The Bottom Line

Addressing an issue of first impression in the Eleventh Circuit, the Court in Mantiply v. Horne (In re Horne), 876 F.3d 1076 (11th Cir. 2017), recently held that section 362(k)(1) of the Bankruptcy Code authorizes payment of attorneys’ fees and costs incurred by debtors in successfully pursuing an action for damages resulting from an automatic stay violation and in defending the damages award on appeal.

What Happened?

The debtors filed for Chapter 7 bankruptcy and while the automatic stay was in place, an attorney filed a civil action on behalf of her clients against one of the debtors in state court. Despite knowing the automatic stay was in place, the attorney refused to voluntarily dismiss the civil case, which was eventually dismissed. The debtors sought damages for the attorney’s violation of the stay under section 362(k)(1) and the bankruptcy court awarded the debtors damages and attorneys’ fees. The attorney appealed and the district court affirmed, awarding the debtors additional attorneys’ fees incurred because of the appeal. The attorney then filed identical motions in the bankruptcy court and the district court seeking the bankruptcy judge’s recusal. The bankruptcy court denied the recusal motion and the attorney appealed. The district court affirmed but denied the debtors’ motion for attorneys’ fees incurred in defending the appeal. On appeal, the Eleventh Circuit affirmed the ruling on the recusal motion and remanded for the district court to either award the debtors’ attorneys’ fees under section 362(k)(1) or explain why the recusal motion did not involve litigation over the stay violation. On remand, the district court found the debtors’ requested attorneys’ fees were mandatory under section 362(k)(1). The Supreme Court denied the attorney’s petition for a writ of certiorari on the recusal motion.

After this extensive litigation involving multiple appeals, the debtors requested that the Eleventh Circuit award them their attorneys’ fees incurred in defending the appeal to the Eleventh Circuit and the petition for certiorari. The Eleventh Circuit transferred the matter to the district court, which awarded that the debtors appellate fees and costs of $92,495.86.

Under section 362(k)(1) of the Bankruptcy Code, “an individual injured by any willful violation of a stay . . . shall recover actual damages, including costs and attorneys’ fees . . . .” It was undisputed that the attorney willfully violated the automatic stay. However, the attorney argued that as a matter of law, the debtors were not entitled to appellate fees under section 362(k)(1).
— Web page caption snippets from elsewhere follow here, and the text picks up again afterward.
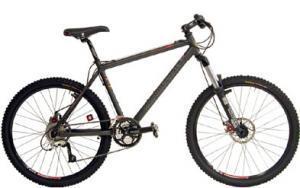 Motobecane Fantom Comp: A black mountain bike with red accents, featuring a sturdy frame, thick tires, and dual suspension, displayed upright against a plain background.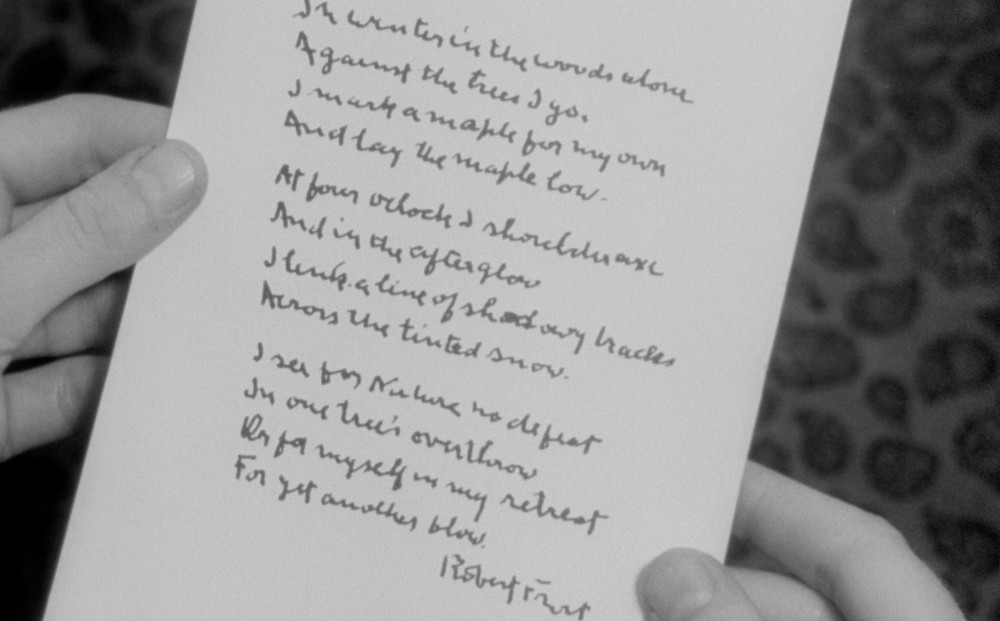 Two hands hold a sheet of paper with a poem by Robert Frost written on it.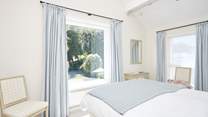 Offering views over the pretty garden, the main bedroom suite with a king-size bed dressed in crisp white linens.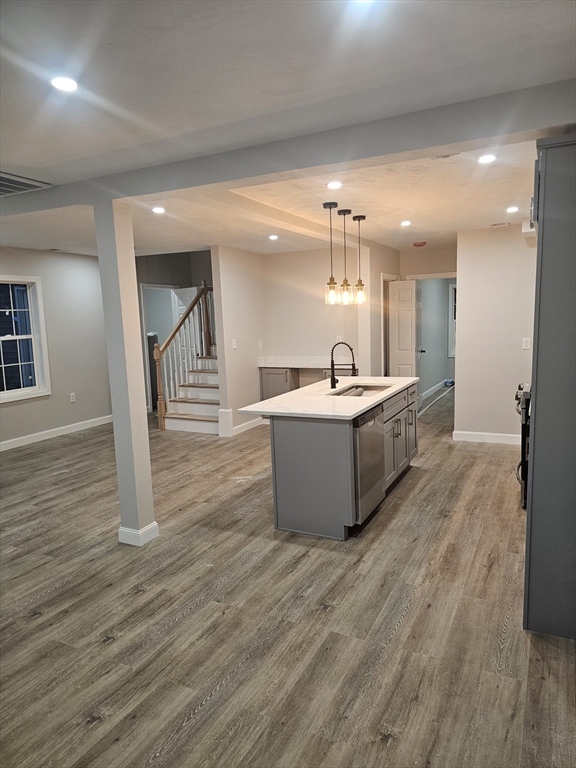 a room with gym equipment and wooden floor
First, the Eleventh Circuit concluded that since section 362(k)(1) explicitly includes “costs and attorneys’ fees” to the term “actual damages,” Congress intended to broaden the notion of actual damages beyond the immediate injury incurred in ending a willful violation of a stay. The Court similarly found that nothing in the text of section 362(k)(1) limits the scope of attorneys’ fees to ending the violation. The Court concluded that this result makes sense in the context of bankruptcy litigation where the majority of damages from stay violations are typically attorneys’ fees and most debtors are not in the financial position to pursue an action for damages.
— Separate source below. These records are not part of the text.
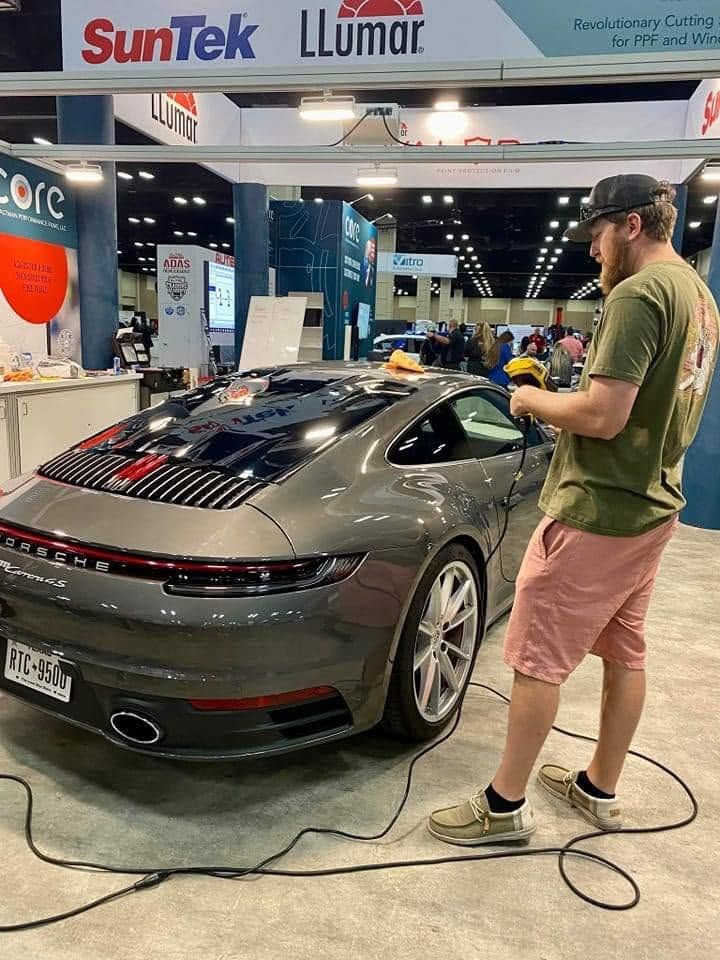 Man cleaning a gray sports car at an auto show booth under bright lights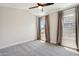 Bedroom featuring high ceilings, neutral paint, carpet, and two bright windows at 2604 N 27Th St # 17, Phoenix, AZ 85008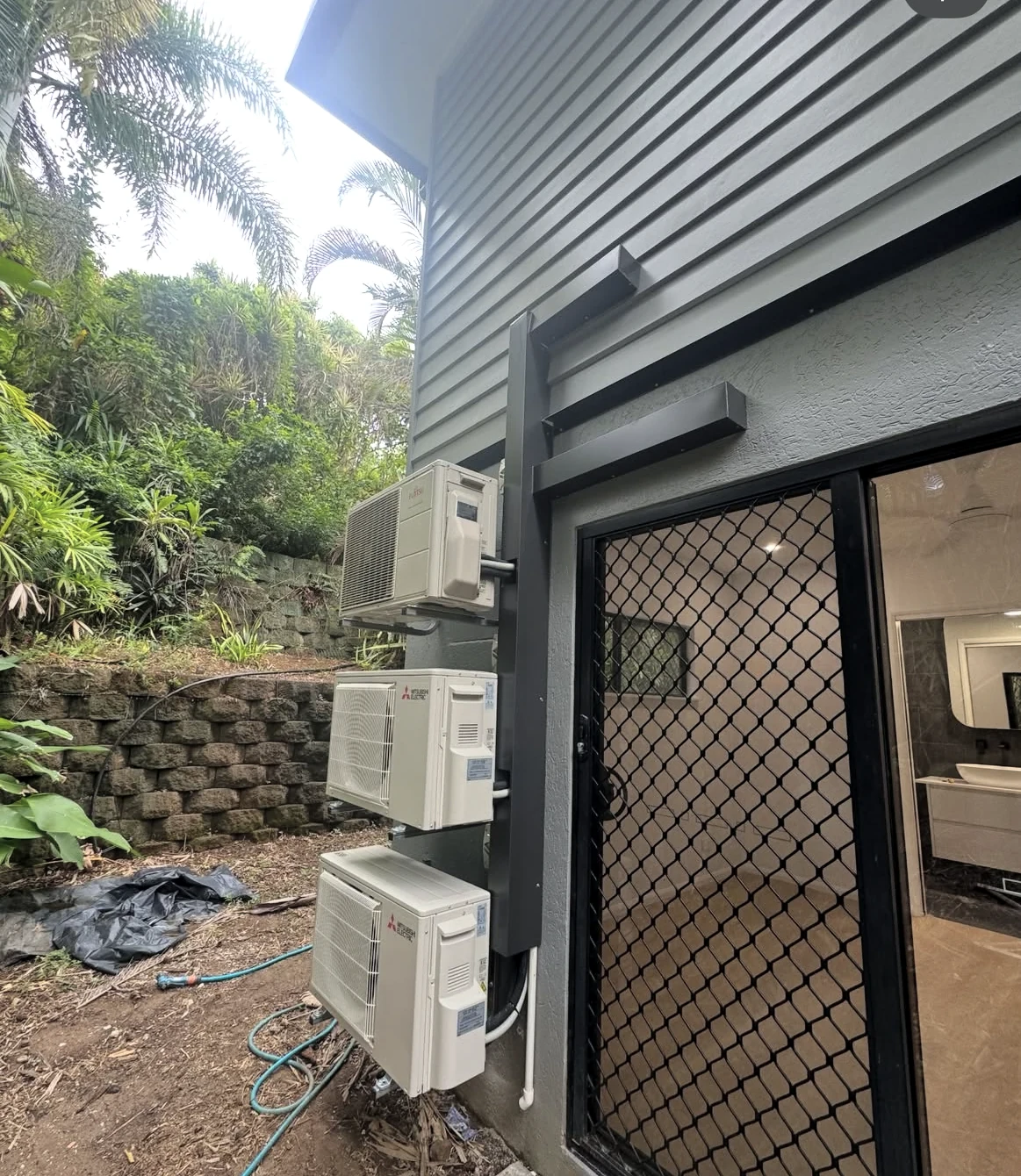 Air conditioning units installed on the exterior wall of a home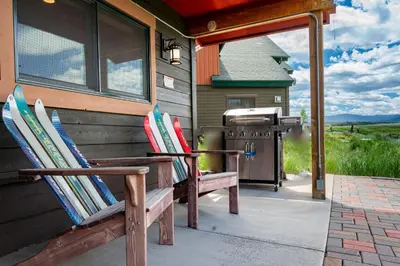a couple of chairs sitting on the side of a house with a grill at 2002 Lupine Lane in Tabernash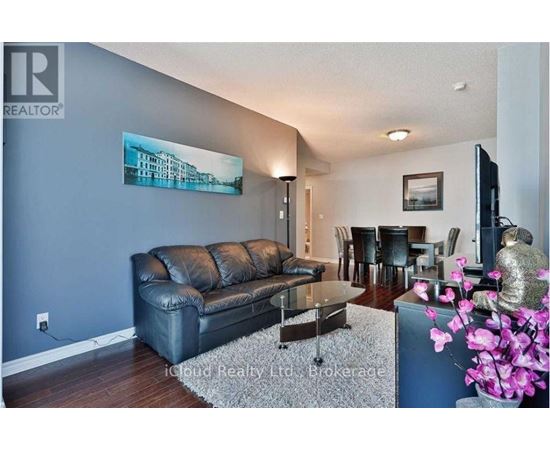 A living room with a black leather couch and a painting on the wall.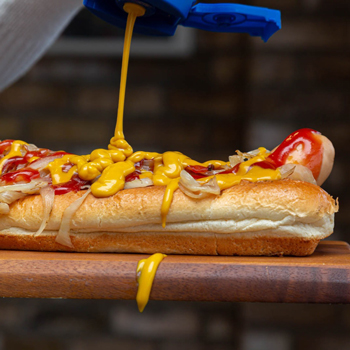 Bene’s in Preston Pans hot dog in a toasted bun and a thick stream of bright yellow mustard.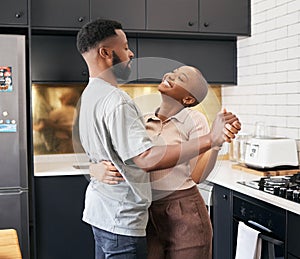 Dance, love and happy black couple in the kitchen having fun together in their new modern home. Happiness, smile and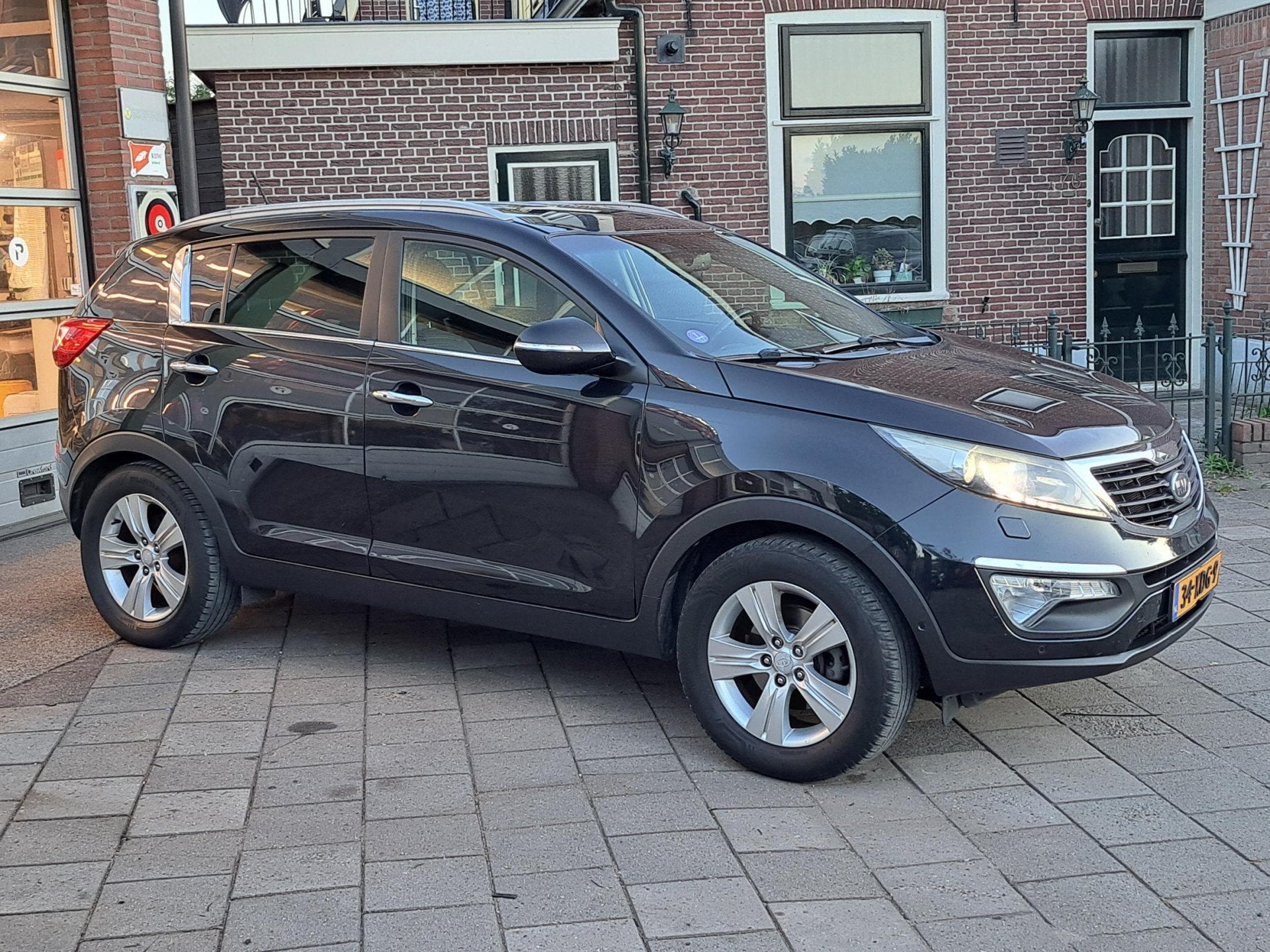 Kia Sportage 1.6 GDI Super Pack/Trekhaak/Leer/Navi, Auto's, 135 pk, 4 cilinders, Zwart, 1200 kg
Having concluded that section 362(k)(1) authorizes awarding attorneys’ fees for prosecuting damages actions, the Court found that defending that judgment on appeal is likewise within the statute’s fee-shifting authorization.

Why This Case is Interesting

On its face, section 362(k) applies to “individuals” which has created some uncertainty as to whether that means “natural persons” only or also corporate debtors. The cases are not uniform with some courts holding that section 362(k)’s benefits apply only to natural persons who are debtors, see In re Chateaugay Corp., 920 F.2d 183 (2d Cir. 1993), and others holding a broader scope that includes corporate debtors, see Budget Service Co. v. Better Homes of Virginia, Inc., 804 F.2d 289 (4th Cir. 1986). There is also a split over whether a bankruptcy trustee satisfies the requirement for an individual. Compare In re Pace, 67 F.3d 187 (9th Cir. 1995) (excluding trustee), with In re Garofalo’s Finer Foods, Inc., 186 B.R. 414 (E.D. Ill. 1995)(including trustee).

With this decision, the Eleventh Circuit joined the Ninth Circuit in adopting a broad reading of section 362(k)(1), holding that it entitles individuals to not only attorneys’ fees incurred in ending the stay violation but also fees incurred in prosecuting a damages action and in defending that judgment on appeal. The Court found that section 362(k)(1) explicitly contemplates a departure from the American Rule—that each side pays its own attorney’s fees—authorizing costs and attorneys’ fees incurred by the debtor in prosecuting a damages violation and defending those judgments on appeal. As noted, while the case (and Code section) applies to individuals and there is not uniformity among the courts whether that excludes other entities, like corporations, given the increased use of Chapter 11 by individual debtors (typically after triggering a bad boy guarantee relating to a failed business venture), creditors should be mindful of the extent to which damage claims can be pursued.